Is This $28K Bezos-Backed EV Too Good to Be True? Or Just Crazy Enough to Work?
Ist dieses 28.000-Dollar-EV von Bezos zu gut, um wahr zu sein? Oder verrückt genug, um zu funktionieren?

Slate Auto bringt ein 28.000-Dollar-Elektropickup ohne Händler, ohne Lautsprecher und mit Kurbelfenstern auf den Markt – und versucht trotzdem, uns den Traum vom stressfreien Besitzverhältnis zu verkaufen. Das Unternehmen setzt stark auf Erreichbarkeit: 4.000 unabhängige RepairPal-Werkstätten, kostenlose Schulungen und ab dem ersten Tag Zugang zum Tesla-Supercharger-Netz. Das ist nicht nur ein Autostart – es ist die vollständige Einführung eines Ökosystems, bevor der erste Pickup überhaupt vom Band läuft.

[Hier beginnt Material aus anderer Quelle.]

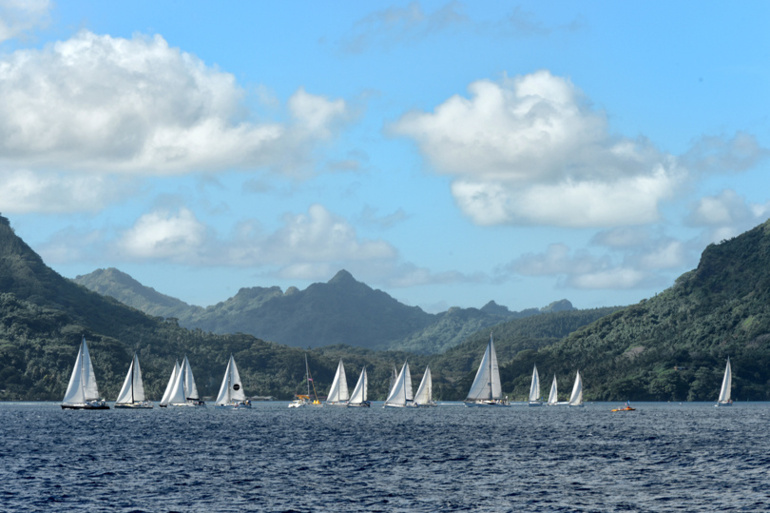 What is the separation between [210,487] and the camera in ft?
240

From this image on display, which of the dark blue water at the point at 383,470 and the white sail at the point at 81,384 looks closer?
the dark blue water at the point at 383,470

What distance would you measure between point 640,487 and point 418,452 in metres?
35.6

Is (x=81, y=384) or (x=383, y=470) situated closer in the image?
(x=383, y=470)

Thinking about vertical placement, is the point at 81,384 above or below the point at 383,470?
above

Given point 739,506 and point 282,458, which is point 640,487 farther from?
point 282,458

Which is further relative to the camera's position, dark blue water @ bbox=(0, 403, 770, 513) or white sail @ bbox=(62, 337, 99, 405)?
white sail @ bbox=(62, 337, 99, 405)

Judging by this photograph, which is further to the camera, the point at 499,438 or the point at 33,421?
the point at 33,421

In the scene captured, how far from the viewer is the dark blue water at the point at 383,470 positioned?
6519 centimetres

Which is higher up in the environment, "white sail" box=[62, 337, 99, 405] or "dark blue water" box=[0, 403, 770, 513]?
"white sail" box=[62, 337, 99, 405]

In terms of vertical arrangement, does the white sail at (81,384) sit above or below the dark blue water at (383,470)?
above

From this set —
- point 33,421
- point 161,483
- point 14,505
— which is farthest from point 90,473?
point 33,421

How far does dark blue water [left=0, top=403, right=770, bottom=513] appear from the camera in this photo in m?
65.2

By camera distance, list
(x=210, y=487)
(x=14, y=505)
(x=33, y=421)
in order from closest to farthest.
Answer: (x=14, y=505), (x=210, y=487), (x=33, y=421)

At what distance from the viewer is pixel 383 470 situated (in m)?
85.6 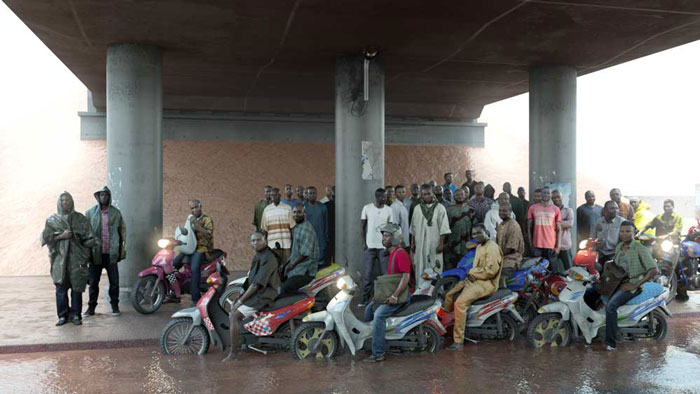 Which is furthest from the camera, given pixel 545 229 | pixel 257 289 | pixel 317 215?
pixel 317 215

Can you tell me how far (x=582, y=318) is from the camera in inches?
326

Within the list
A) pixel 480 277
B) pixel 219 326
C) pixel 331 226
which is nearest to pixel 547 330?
pixel 480 277

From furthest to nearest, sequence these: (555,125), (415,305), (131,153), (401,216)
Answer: (555,125) → (131,153) → (401,216) → (415,305)

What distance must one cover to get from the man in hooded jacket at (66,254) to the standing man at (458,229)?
19.7 ft

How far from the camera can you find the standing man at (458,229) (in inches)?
431

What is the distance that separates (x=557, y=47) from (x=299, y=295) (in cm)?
810

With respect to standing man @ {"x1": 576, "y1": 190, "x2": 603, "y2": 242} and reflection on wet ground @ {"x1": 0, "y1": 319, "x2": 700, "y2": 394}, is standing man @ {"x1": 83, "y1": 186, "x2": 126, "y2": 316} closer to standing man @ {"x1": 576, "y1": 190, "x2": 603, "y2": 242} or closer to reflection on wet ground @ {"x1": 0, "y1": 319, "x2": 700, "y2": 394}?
reflection on wet ground @ {"x1": 0, "y1": 319, "x2": 700, "y2": 394}

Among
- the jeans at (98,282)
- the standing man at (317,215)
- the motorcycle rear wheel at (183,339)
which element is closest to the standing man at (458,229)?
the standing man at (317,215)

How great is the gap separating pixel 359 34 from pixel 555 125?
5658 millimetres

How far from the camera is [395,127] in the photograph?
2486cm

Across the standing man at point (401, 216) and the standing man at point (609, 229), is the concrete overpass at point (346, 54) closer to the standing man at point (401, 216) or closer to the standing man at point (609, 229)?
the standing man at point (401, 216)

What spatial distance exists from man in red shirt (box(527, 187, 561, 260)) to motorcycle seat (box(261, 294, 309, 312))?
5064 mm

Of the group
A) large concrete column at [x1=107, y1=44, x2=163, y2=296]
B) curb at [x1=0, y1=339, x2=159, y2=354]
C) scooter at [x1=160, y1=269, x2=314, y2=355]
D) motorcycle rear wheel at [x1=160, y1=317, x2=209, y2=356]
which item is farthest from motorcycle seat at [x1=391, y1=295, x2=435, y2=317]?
large concrete column at [x1=107, y1=44, x2=163, y2=296]

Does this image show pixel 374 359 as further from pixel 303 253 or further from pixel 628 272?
pixel 628 272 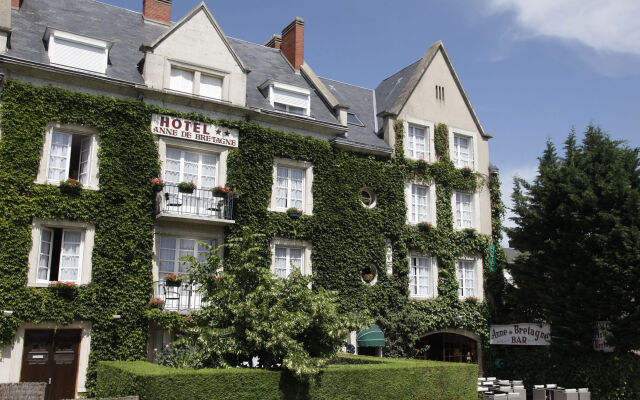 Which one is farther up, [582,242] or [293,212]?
[293,212]

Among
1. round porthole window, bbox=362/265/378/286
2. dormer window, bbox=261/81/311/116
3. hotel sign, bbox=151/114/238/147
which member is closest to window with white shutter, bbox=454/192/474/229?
round porthole window, bbox=362/265/378/286

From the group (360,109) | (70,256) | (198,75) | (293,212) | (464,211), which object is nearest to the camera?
(70,256)

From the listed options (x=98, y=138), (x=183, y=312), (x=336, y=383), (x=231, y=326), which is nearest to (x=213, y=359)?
(x=231, y=326)

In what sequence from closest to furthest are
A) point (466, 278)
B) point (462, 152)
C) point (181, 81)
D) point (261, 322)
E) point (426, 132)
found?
point (261, 322) < point (181, 81) < point (466, 278) < point (426, 132) < point (462, 152)

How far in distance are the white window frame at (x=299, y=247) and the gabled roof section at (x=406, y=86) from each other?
7.68 metres

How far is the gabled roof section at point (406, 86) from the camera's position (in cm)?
2730

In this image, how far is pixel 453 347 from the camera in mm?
26922

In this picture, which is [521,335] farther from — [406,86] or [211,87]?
[211,87]

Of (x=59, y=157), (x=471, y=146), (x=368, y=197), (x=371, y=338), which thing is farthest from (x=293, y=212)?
(x=471, y=146)

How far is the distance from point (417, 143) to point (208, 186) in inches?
421

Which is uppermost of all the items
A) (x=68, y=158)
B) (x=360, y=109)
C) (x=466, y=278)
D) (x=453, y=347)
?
(x=360, y=109)

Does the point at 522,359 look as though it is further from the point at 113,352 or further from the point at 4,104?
the point at 4,104

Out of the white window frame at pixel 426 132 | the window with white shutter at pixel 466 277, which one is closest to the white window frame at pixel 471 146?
the white window frame at pixel 426 132

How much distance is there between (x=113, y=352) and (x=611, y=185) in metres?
18.8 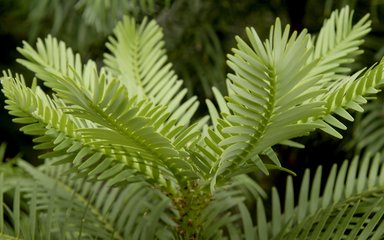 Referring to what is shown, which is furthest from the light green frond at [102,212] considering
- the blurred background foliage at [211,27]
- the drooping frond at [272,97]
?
the blurred background foliage at [211,27]

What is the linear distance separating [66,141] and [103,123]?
0.05 metres

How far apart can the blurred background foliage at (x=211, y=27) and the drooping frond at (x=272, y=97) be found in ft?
1.19

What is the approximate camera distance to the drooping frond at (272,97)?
0.23 m

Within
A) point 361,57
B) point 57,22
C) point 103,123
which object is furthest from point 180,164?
point 57,22

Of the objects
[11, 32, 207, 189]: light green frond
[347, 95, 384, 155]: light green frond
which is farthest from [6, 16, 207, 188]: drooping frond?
[347, 95, 384, 155]: light green frond

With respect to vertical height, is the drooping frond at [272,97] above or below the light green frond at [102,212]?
above

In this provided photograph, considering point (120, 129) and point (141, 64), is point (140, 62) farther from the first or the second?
point (120, 129)

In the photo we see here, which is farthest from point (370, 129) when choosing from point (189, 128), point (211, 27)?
point (189, 128)

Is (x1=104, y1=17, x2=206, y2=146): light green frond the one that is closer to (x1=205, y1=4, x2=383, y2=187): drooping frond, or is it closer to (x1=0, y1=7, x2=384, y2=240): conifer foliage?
(x1=0, y1=7, x2=384, y2=240): conifer foliage

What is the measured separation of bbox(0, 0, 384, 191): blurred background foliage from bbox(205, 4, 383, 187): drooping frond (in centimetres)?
36

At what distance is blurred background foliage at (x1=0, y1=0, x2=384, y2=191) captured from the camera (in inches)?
26.3

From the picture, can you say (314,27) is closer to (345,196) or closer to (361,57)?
(361,57)

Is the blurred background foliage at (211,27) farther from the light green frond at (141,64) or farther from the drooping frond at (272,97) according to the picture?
the drooping frond at (272,97)

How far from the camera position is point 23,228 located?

Aber der Haken ist: Der Wegfall von Steuergutschriften bedeutet, dass der Preis von 28.000 Dollar für die meisten Amerikaner eher eine Illusion als Realität ist. Und seien wir ehrlich – Kurbelfenster und keine Lautsprecher im Jahr 2024? Das ist kein Minimalismus, das ist Sparsamkeit auf hohem Niveau. Doch wenn sie das Nutzererlebnis perfektionieren, könnten sie neu definieren, was ein ‚erschwingliches E-Auto‘ wirklich bedeutet.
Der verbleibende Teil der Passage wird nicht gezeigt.